I have to create a python module, say bar.py, that defines:
engines: what will be the engines to be computed by theSessionoutput_method: how theSessionwill output the results of theengines
from lascar import *
engines = [ #define all your engines here:
SnrEngine("snr byte 8", lambda value:value["plaintext"][8], range(256)),
SnrEngine("snr byte 12", lambda value:value["plaintext"][12], range(256))
]
output_method = MatPlotLibOutputMethod(*engines) # define your output_method here
Now the command
lascarctl run foo.h5 bar.py
will perform the defined SNRs on the traces from foo.h5, and use matplotlib to display the results.
The ttest command is used to compute Welsh's t-test using pre-sorted sets (plural) of side-channel traces.
spo@zen:~$ lascarctl ttest --help
Usage: lascarctl ttest [OPTIONS] [NAMES_IN]...

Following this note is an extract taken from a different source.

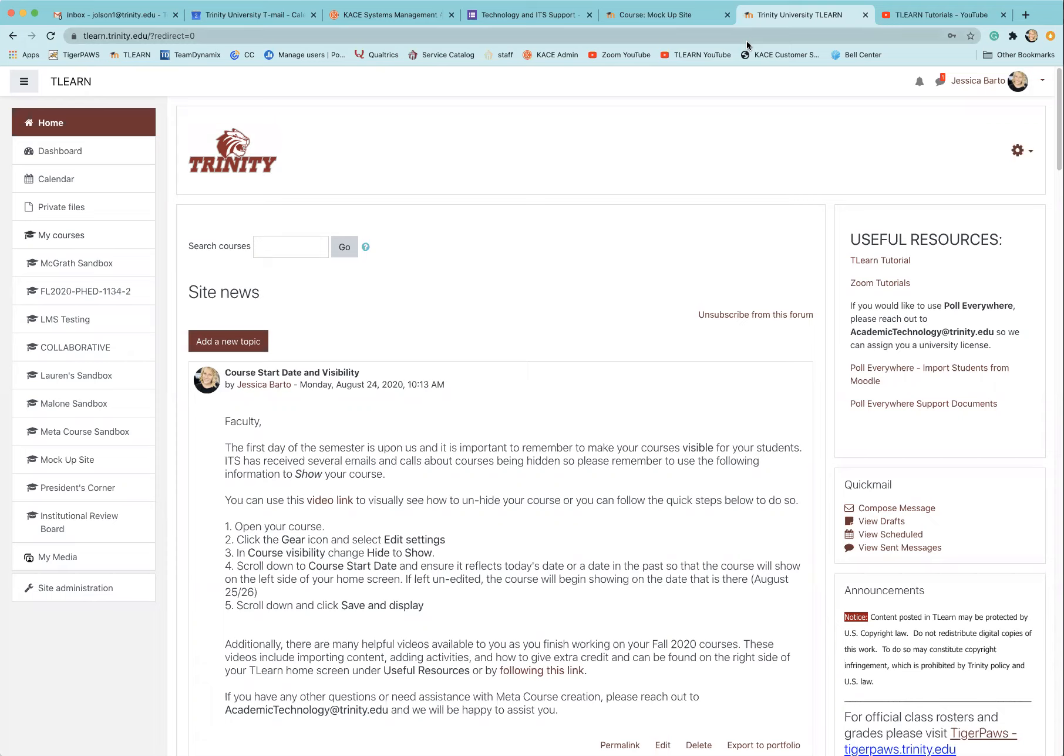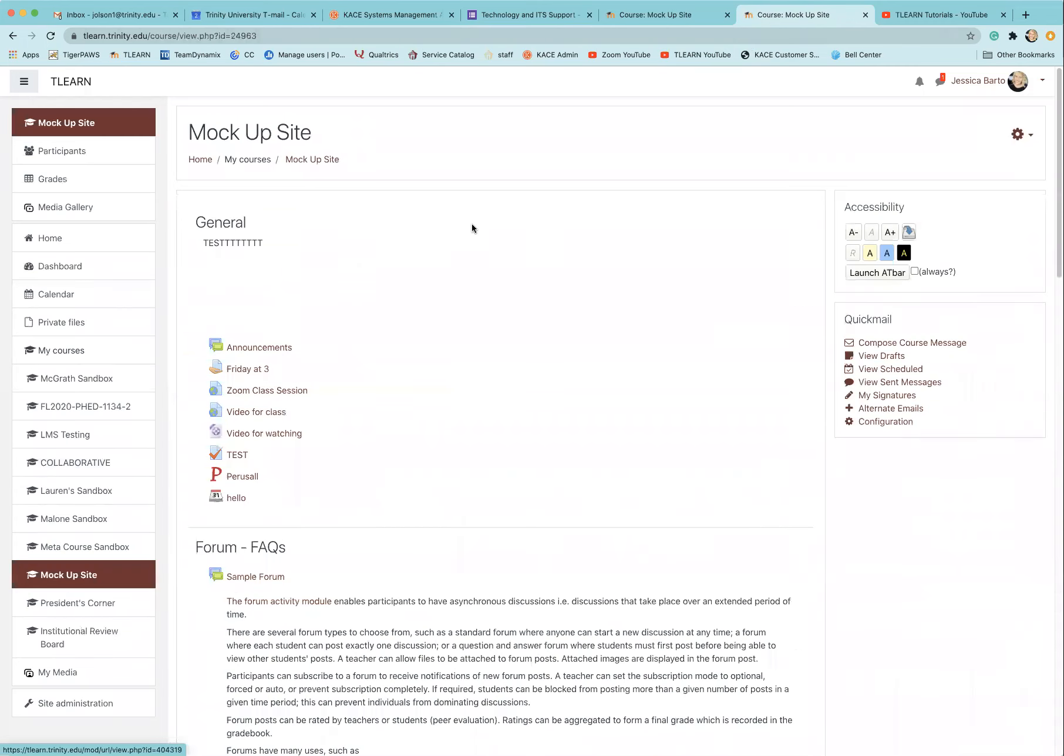This video will show you how to upload a video to your T-Learn page. So first you'll want to navigate to your course. I'll go ahead and use my mock-up site.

Compute Welch-ttest on containers.
Each set of trace represent a different class for the ttest. (no
partitioning done)
For each pair of set of trace, a ttest is computed.
Options:
-b, --batch_size INTEGER set the batch_size for lascar session
-o, --name_out TEXT npy.save the ttests to name_out
-p, --plot plot the computed ttests with matplotlib
--help Show this message and exit.
When using Welsh's t-test on side-channel traces, we define a criterion dividing the traces between 2 batches. For instance:
- fixed_plaintext versus random_plaintext
- fixed_plaintext versus fixed2_plaintext
- ...
Now, if during your acquisition you have several set of traces, such that, for instance:
fixed_plaintext.h5is aHdf5Containerwith traces such that the plaintext is fixedrandom_plaintext.h5is aHdf5Containerwith traces such that the plaintext is randomfixed2_plaintext.h5is aHdf5Containerwith traces such that the plaintext is fixed to a different value thanfixed_plaintext.h5
Then you can use the lascarctl ttest command to compute the Welsh's ttest of all the couples described berfore:
- fixed_plaintext versus random_plaintext
- fixed2_plaintext versus random_plaintext
- fixed_plaintext versus fixed2_plaintext
The command:
lascarctl ttest fixed_plaintext.h5 random_plaintext.h5 fixed2_plaintext.h5 -o result_ttest.save
will compute the 3 ttests, and output them into a npy file.
The --plot option will also use matplotlib to display the 3 ttest curves.